Salomon Lo Fi (too soft for me)
Burton Ion and Driver X (too big around the ankle/heel lift and a bit cheap looking compared to 32 boots)
Thirty Two TM2, TM2 XLT, TM3 and Mullair.

All of the Thirty Two boots fitted really well. Build quality is as good as I've seen and the liners really pull your heel into the back of the boot. Apart from the TM2's I didn't get any heel lift at all. In the end I bought the TM2 XLT's as the fit was a little better and they were the stiffness I was looking for (not as stiff as Malamutes, I would say an 8-9 out of 10.)

I would have tried Malamutes, but I don't even think anyone is carrying them in the UK this season, which is a sign of the times along with most of the smaller independent shops closing. The shop didn't have the Ride Fuse boots so I can't comment on them.
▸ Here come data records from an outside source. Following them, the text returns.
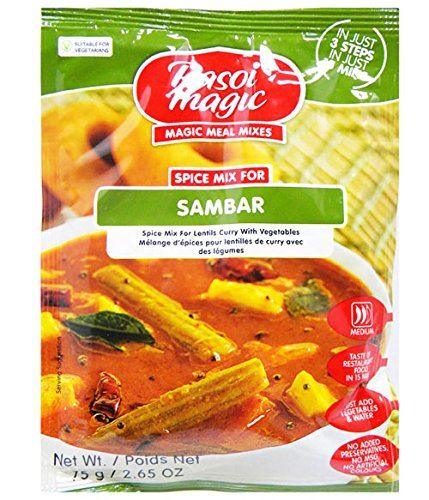 Rasoi Magic - Sambar - 75g - Jalpur Millers Online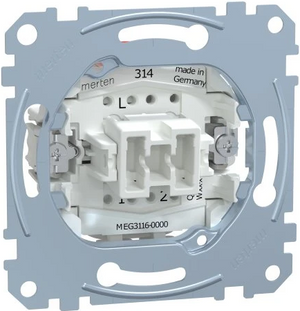 Wisselschak.1xwip drukker inbouw (meg3116-0000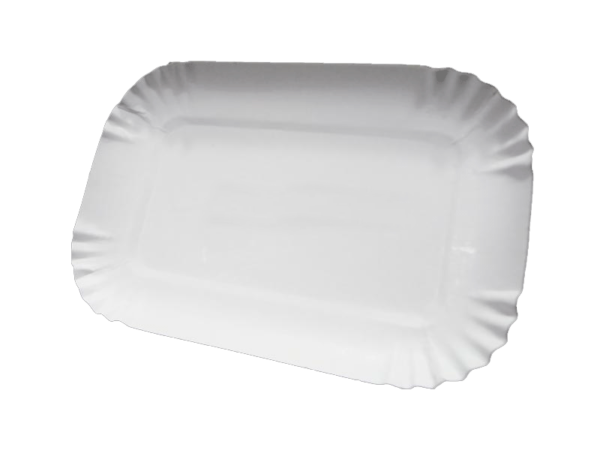 BANDEJA CARTON #15 20x14cm   (8x6' | 20x14cm) 1 Paq x 250 Und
So if, like me, you have narrow feet and ankles you now have another option apart from Salomons.


----------



## ridethecliche

I have a high instep and skinny ankles. I ended up buying the TM2's with traditional lace. I love the boa system but find that it gives me instep pressure and I can't get it quite right. I tried on a ton of laced, mixed, and boa vans and 32's and settled on the TM2. I do wish that I had the option of trying and getting the XLT version, but I've only been riding for one season so I don't think I'll need the increased stiffness they offer quite yet. 

I had the boots heat molded at the shop and I'm stoked to get a ride in this weekend. So much better than my speed lace rulers.


----------



## John Streeter

A bit of an update.

Soloman Lo-Fi:

Been wearing around house and also did a "home job" heat mold. Eg: Heated Rice in socks, put socks in boots, let it sit for 10+ mins then removed rice and got feet in boots for 10-15 mins. (All I could do as was at work and don't have a microwave at home). 

Boots in length seem good. Couldn't go any shorter at all. I am right on the edge of needing the 11 but the 10.5 now should be sweet for riding once the boots pack out a little more.

Heel hold seems good. Although I did decide to add in ankle wrap foam from Tognar and well as a heel lift just to help a little bit. So don't need to crank the boots as much. The heel lift I am not 100% on but thinking it would be good to help me get more forward in the boots and lift the ankle a bit, I made my own ones using some foam I had at work as the ones from Tognar seemed a bit too high but again If I had a good boot fitter here I would just go see them!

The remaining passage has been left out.